03 September 2014

Current reading: THE LAST MRS. ASTOR

Reading about Brooke Astor's multiple marriages reminds me of the debate earlier this year over the connection between marriage and financial stability and how we equip people (or don't) to take advantage of that.

Mrs. Astor was married 3 times in her life and author Frances Kiernan makes a pretty clear case that Marriage #3, to Vincent Astor, was primarily financially motivated, with #1 and #2 having contributing financial factors. The woman born Roberta Brooke Russell was of a class where it would have been unseemly for her to work, and her education (ending at 16) did not equip her to do so anyway. But Husband #1 was a feckless unfaithful alcoholic who more or less stashed her at her in-laws for years, and after her divorce from him, and in her widowhood after Husband #2, she didn't have an independent income nor a way to make it. That said, she did work for a few years at House and Garden and for interior designer Dorothy Draper -- but she had to maintain the facade that it was a lark or a diversion, something she could enlist her friends in, rather than being 'real' about (Kiernan points out that Conde Nast paid badly in those years because it was expected that editors were of the leisure class and independently supported -- so they didn't need the money. Also, they had expense accounts.)

You can fault Mrs. Astor for marrying for money, and some friends quoted in this book do -- I was surprised at how barbed they were sometimes given that this is an authorized biography. (What is your damage, Louis Auchincloss?) But her other options were to live on her annual income from her second husband's will or fall back on her mother or other relatives. Whether that annual income would have been a struggle or not to live within isn't clear -- this calculator from the terrifically named WestEgg.com estimates it would have been around $248,000 in 2013 dollars, not exactly a pittance. But her marriageability was what she had to trade for financial stability. It was all she had. And to her credit, at least she knew that she was marrying a fortune. According to Kiernan, Vincent Astor courted her quite aggressively (bizarrely, with the help of his soon-to-be-ex-wife who apparently wanted him to settle down so she could leave him), so it wasn't a question of who got hoodwinked in that trade.

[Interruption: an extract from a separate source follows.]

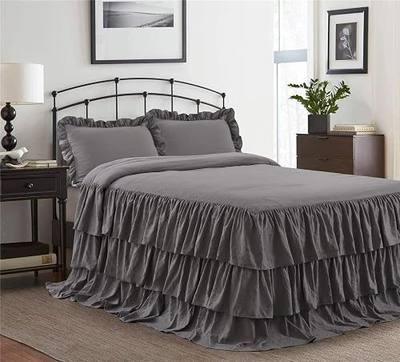 HIG 3 Piece Ruffle Skirt Bedspread Set King - Gray Color 30 inches Drop Ruffled Style Bed Skirt Coverlets Bedspreads Dust Ruffles - Echo Bedding Collections King Size - 1 Bedspread, 2 Standard Shams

In conclusion, it's another day I am grateful to be a woman in 2014, where I can hope and plan to support myself for the rest of my life no matter what happens. And this book is some real-life Edith Wharton business and if you like Old New York you should take a look.

P.S. If you follow NYC tabloids, this is the Mrs. Astor whose grandson and son went to court over charges that her son was keeping his mother in reduced circumstances while pocketing over $2 million a year of her fortune. That's her son from her first marriage. I think that is covered in this book, although I'm not there yet. I was called for jury duty right around the time they were trying to empanel jurors for that trial, which was an impossible struggle according to courtroom scuttlebutt.